Distributed Camera Networks

In the last decades, video processing has become a convenient and widely used tool to assist, protect and simplify the daily life of people in areas such as surveillance, domotics, elderly care, traffic monitoring and video conferencing. Cameras, which become more and more widespread, in airports, cities or even indoor environments, provide visual information of a scene to monitor, analyze certain areas, or track individuals for special purposes.

One major problem of these cameras is the limitation in dealing with the tremendous amounts of information contained in numerous video streams. Currently the analysis often consists of the interpretation by human operators. Moreover, lots of data is recorded automatically and stored for a certain period to possibly being processed or analyzed manually later on. However, it is often impractical and impossible to track the information of interest quickly through large volumes of multiple video recordings.

All of the aforementioned applications can be greatly simplified by combining the information of multiple cameras. In contrast to a single camera approach, multi-camera networks are more robust and can handle more difficult situations (e.g. occlusions) in which one camera is not sufficient; for instance, observing objects which are occluded by corners, other objects or obstacles. Therefore, multi-camera systems became more and more popular in the recent years. However, it is not simple to process multiple images within a camera-network given the vast amount of data.

The idea of our multi-camera system is based on a decentralized tracking approach. In general, multi-camera tracking approaches can be categorized into centralized, decentralized and distributed tracking approaches. Centralized approaches transmit all video streams to one or more fusion centers and process the video on these fusion centers. The fusion centers need to be very powerful computers and need to be able to sustain high communication bandwidths. Therefore, centralized processing of multiple video streams creates not only a computing but also a communication bottleneck. Decentralized and distributed tracking approaches group cameras into clusters which communicate with a local fusion center (decentralized) or with each other (distributed tracking). This allows the construction of huge smart camera networks without straining network and server resources. It also only requires simple processing in the smart cameras, leaving precious resources for other video processing algorithms if needed. We have built such a multi-camera system with one fusion center and six (smart) cameras.

In our research we followed two different approaches: a multi-camera tracking approach based on occupancy maps and a distributed multi-camera tracking approach with a feedback loop. The former can be considered as a centralized approach, although parts of the processing are already carried out on the smart cameras. The latter describes a decentralized processing architecture with a feedback loop, in which the most compute-intensive video processing is performed within smart cameras. In fact, since the requirements on the fusion center are so low, it is even possible to run the fusion center algorithms on each camera and end up with a distributed architecture. We focus on the research and the development of these two different tracking approaches and explain them in detail.

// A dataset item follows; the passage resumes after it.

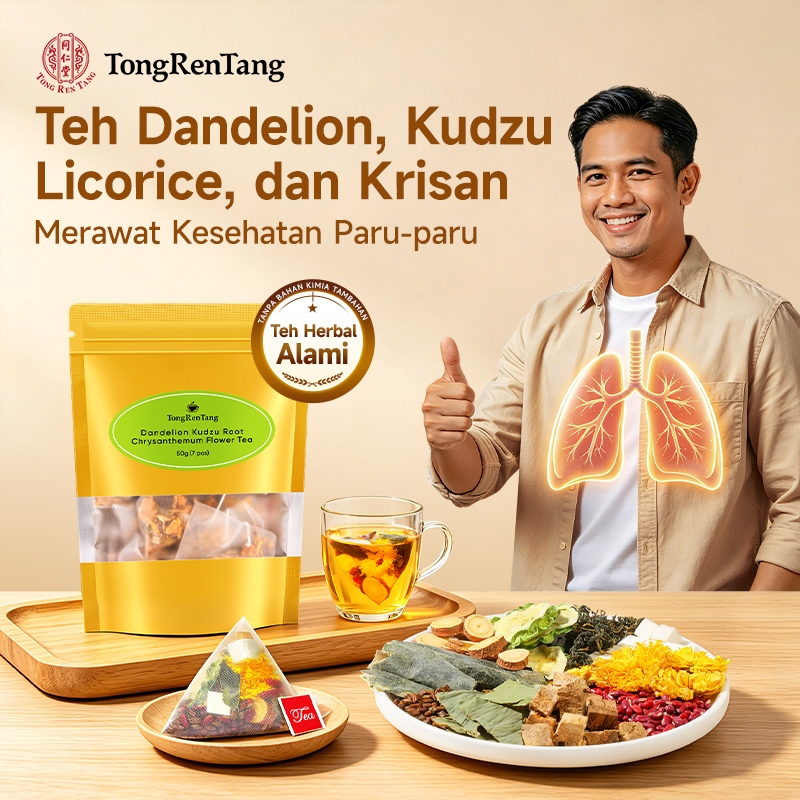 Teh Herbal untuk Pernapasan – Batuk Berdahak, Dada Berat, Napas Kurang Lega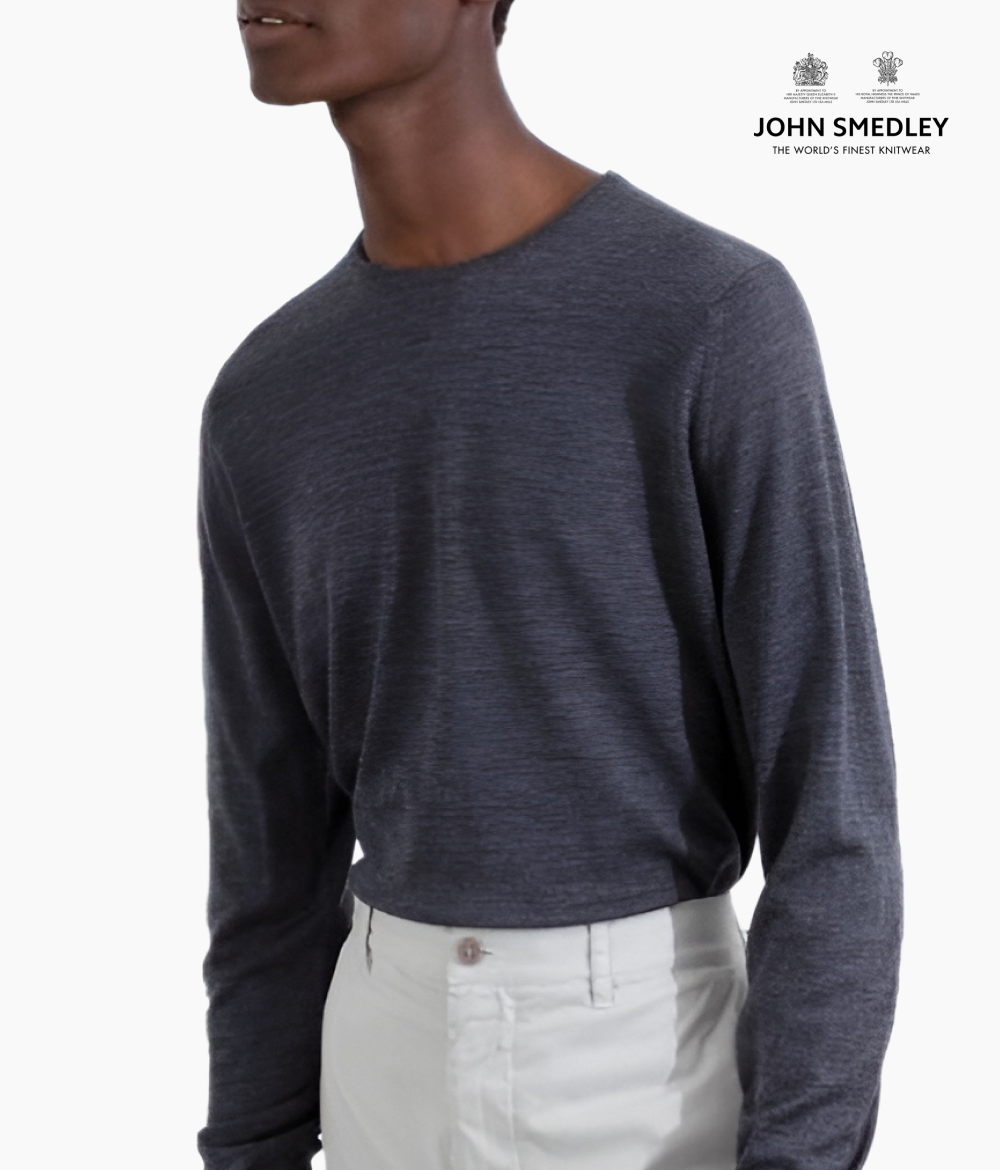 Lundy Charcoal Crew Neck Jumper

Multi-camera tracking approach based on occupancy maps

We address the problem of tracking multiple individuals by using occupancy maps in a network of overlapping cameras. In contrast to other approaches, which compute, for example, optimal tracks from a Probabilistic Occupancy Map (POM) by a greedy search strategy based on Dynamic Programming, we combine Bayesian filtering strategies with occupancy maps. Furthermore, our approach obtains an estimate of each person on a frame-by-frame basis. We hereby focus on low-level processing resulting in a real-time system which can possibly be used on smart cameras.


Distributed multi-camera tracking approach with a feedback loop

In this research, we focus on real-time, low-latency and scalable tracking of multiple people. In our system all low-level video processing is performed on smart cameras. The smart cameras transmit a compact high-level description of moving objects to the fusion center, which fuses these data using a Bayesian approach. Moreover, a feedback loop ensures that each smart camera is up-to-date about the most recent locations and motion states of tracked individuals. We evaluate the performance (in terms of precision and accuracy) of the proposed system in indoor and meeting scenarios where individuals are often occluded by other people and/or furniture. Furthermore, we compare our approach to state-of-the-art methods and show that our system performs at least as good as other methods. However, our system is capable of running in real-time and therefore produces instant results.